Damsels in distress
One of the good things about touring is that you get a chance to read. And after days of hearing the sound of your own lips flapping (talking about your own stuff) it's blessed relief to sink into someone else's book at the end of the day.
When Kelly and I were on our recent Michigan Mitt Tour, we read alot. Whether we were sprawled on the nylon bedspread in a suburban Livonia Best Western or sitting on a balcony of a cottage overlooking the woods in Leland on Lake Michigan, books were our sanctuaries.
We read Harlan Coben, Robert Crais, Stephen White, T. Jefferson Parker, PJ Tracy, Jan Brogan, MJ Rose, Allison Brennan. Lots of good, entertaining stuff. I had a great time with Charlie Huston's "Caught Stealing" and absolutely loved a quirky Michigan novel called "The Lake, The River & the Other Lake" by Steve Amick.
But then I hit a wall.
A friend gave me a book by an author whom I hadn't heard of before. I love discovering new authors, especially first-timers. I read the back copy. Good premise. I skimmed the first page. She had me. I forked over the cash.

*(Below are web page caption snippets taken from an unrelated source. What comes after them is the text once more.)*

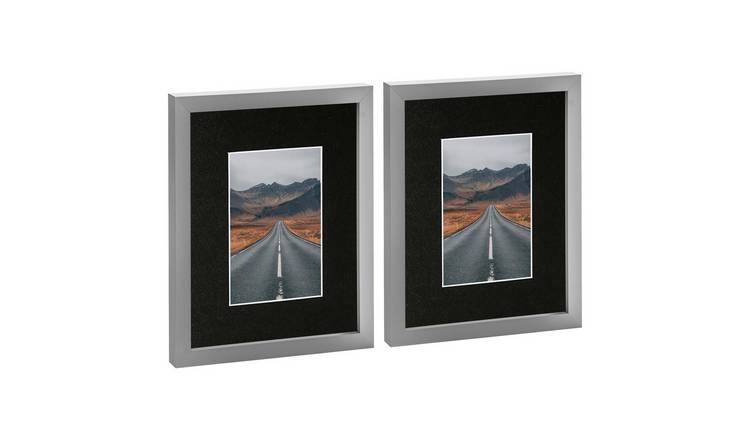Nicola Spring Photo Frames - 8" x 10" with Mount - Set of 2 - Grey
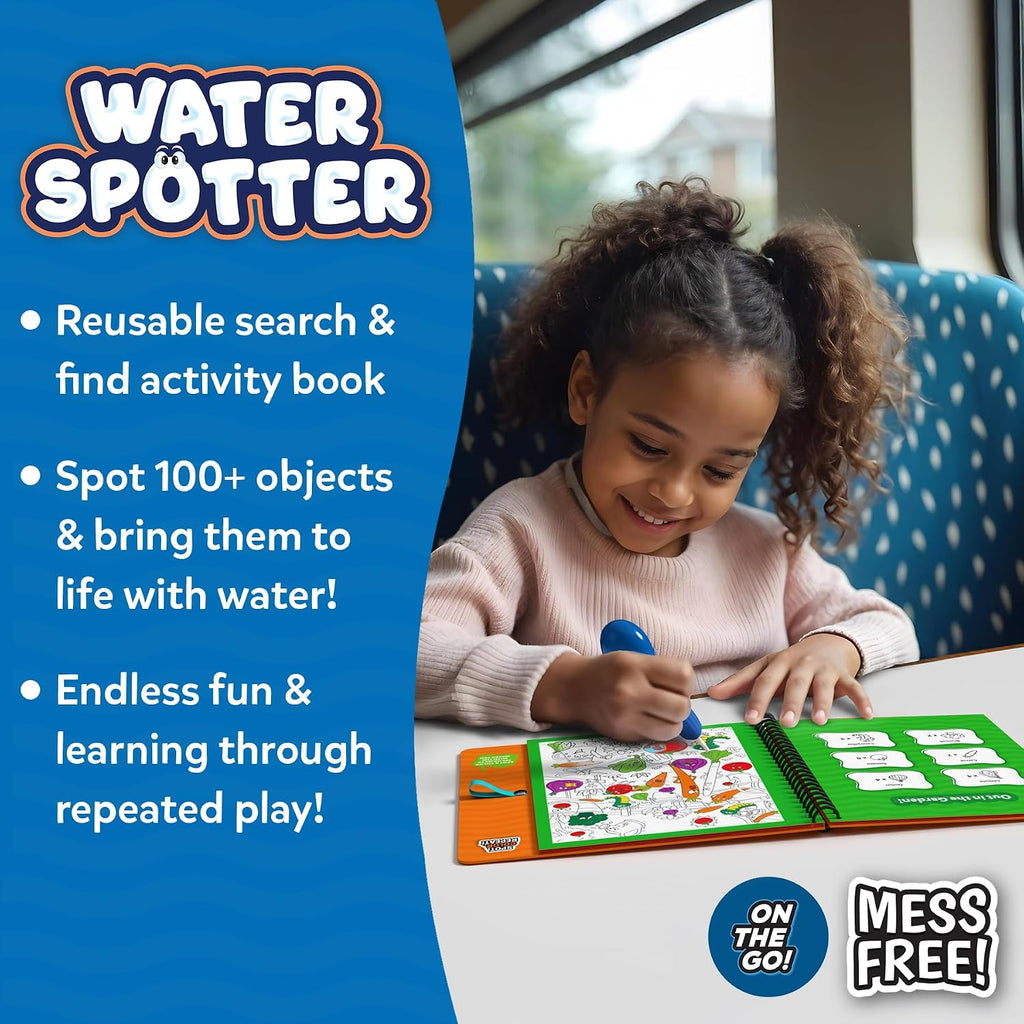 Skillmatics Reusable Search & Find Book – Water Spotter, Mess-Free Activity | Paint with Water Kit, Learning Activity, Animals, Screen-Free Fun, Travel Toy, Gifts for Boys & Girls Ages 4, 5, 6, 7, 8
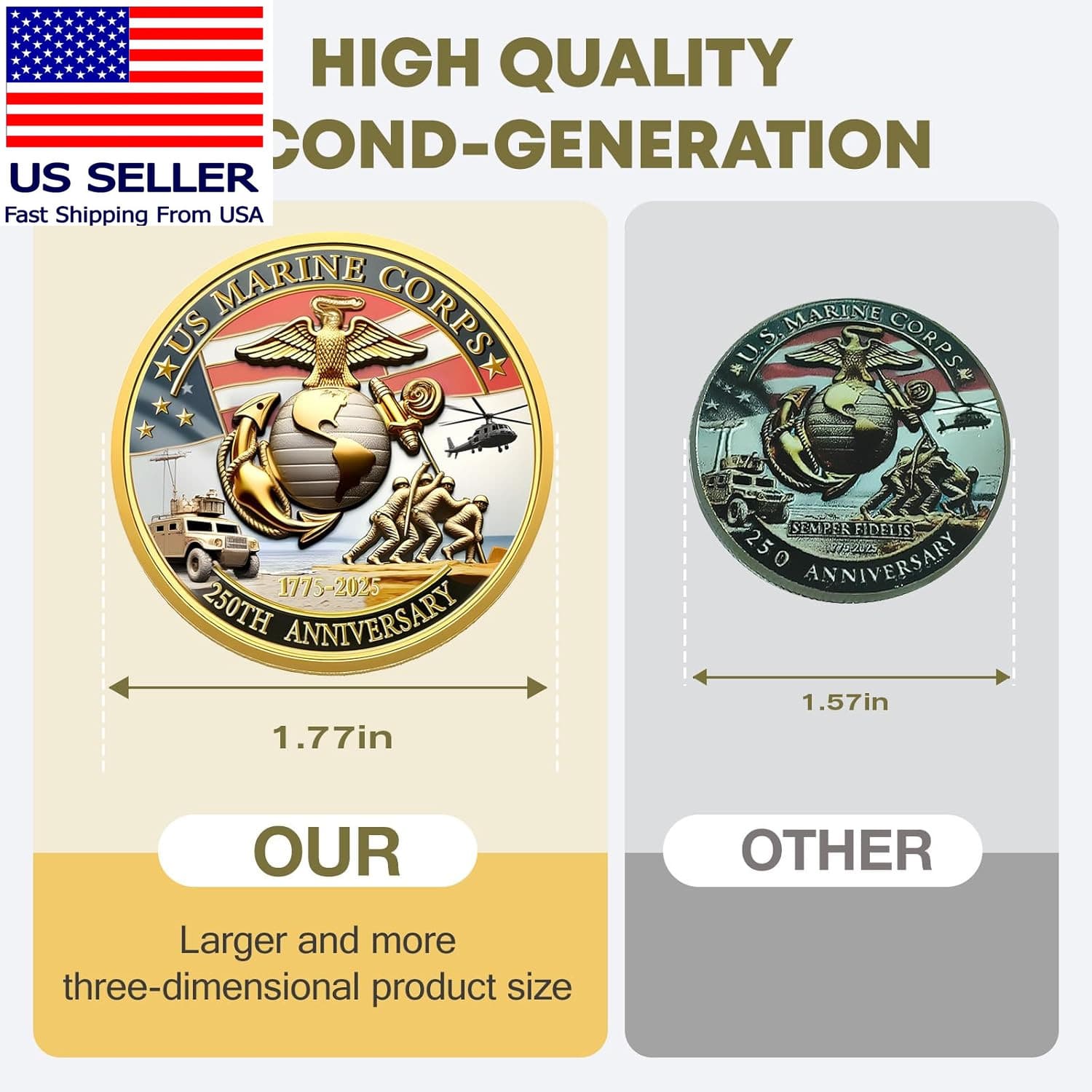 Marine Corps 250Th Anniversary Challenge Coin, 1.77 Inch Double-Sided US.MC Mili 5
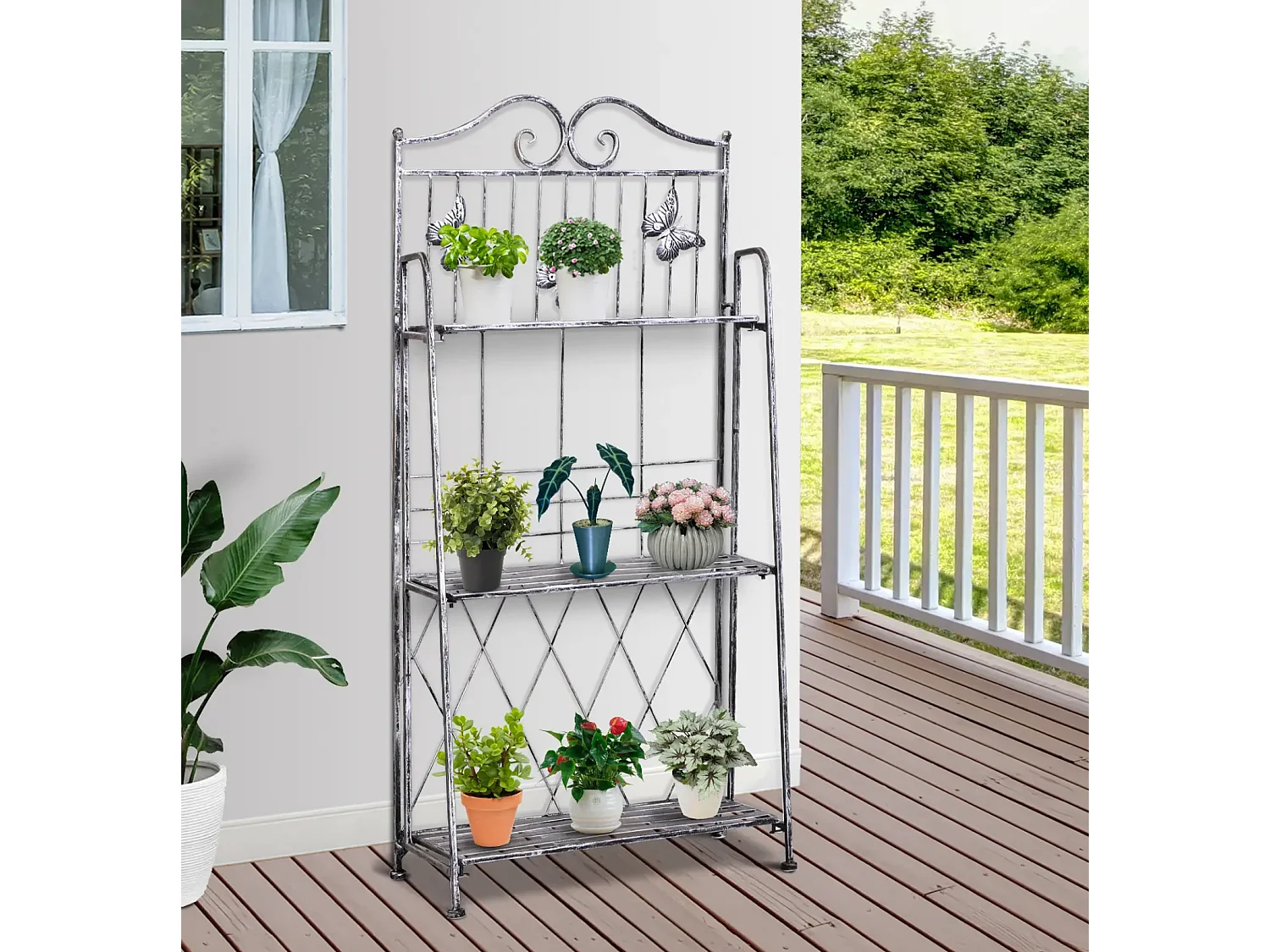 Pflanzregal, Pflanzenständer Blumenregal, Blumenständer Blumentreppe Gartenregal 3 Ebenen 44 x 25 x 96 cm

That night I cracked the spine and settled in. I was in bed. I was ready. I wanted to be seduced. The first chapter was really good. A female cop, a grisly setup, a clear narrative voice, taut writing that teased me to turn the page.
So I did. And damn, I wish I hadn't because things went downhill fast. This female cop suddenly turned into a blithering mess. Worse, her ex-boyfriend came sniffing around and after she took him back, he took over the case. HER case! Suddenly, this cop -- traumatized though she might have been -- allowed weasel boy to take charge of everything. Worse, the writer LET HIM DO IT! Every time there was a new twist in the case, it was weasel boy who led the charge. Where was our heroine? Weeping and whining on the sidelines, a pathetic Hamlette, torn by indecision.
The thing degenerated into a writhing mass of bad romantic cliches. Complete with a see-it-coming-a-mile-away pregnancy that by book's end gives our girl a good reason reason to quit her police job and make waffles for weasel boy.
I was furious. Do you ever have the urge to throw a book across the room? I was sitting out on my friend's deck and heaved this one into the bushes.
It wasn't just because I hate women in distress books. The female in jeopardy is a standard of our genre and in the right hands, this can sometimes rise above cliche. But this author was dishonest. She started out with a premise that promised a woman of strength and depth. And I had expectations that this character would rise above her awful trauma through her own grit and courage. THAT was the story, wasn't it? As I finished this book, I found myself thinking about another book I had read, Theresa Schwegel's "Officer Down." This was also a debut and as such, it has its flaws. (Though it won Best First Edgar this year). But at least the author let her female cop heroine solve her own problems. She wasn't waiting for Dudley Do Right to right her ship.
In the end, I decided I was angry about this first book because I had been misled. I don't begrudge readers romantic escapism. Hell, I used to WRITE it. But this book was so schizophrenic it was like the first three chapters were written by Germaine Greer and the rest by Phyllis Schlafly. If your setup is a dark tale of a woman cop's redemptive journey, you can't switch tones mid-book and start going for the Rita Award.
What's the lesson here? Be honest with your readers. I don't mean be predictable. Be honest. That means finding a tone for your work and sticking with it so that the reality you create on your pages is believable. If you want to write romance or romance suspense, go for it and do it well.
But don't promise me Diana the huntress and then give me a damsel in distress. The book will end up in the bushes.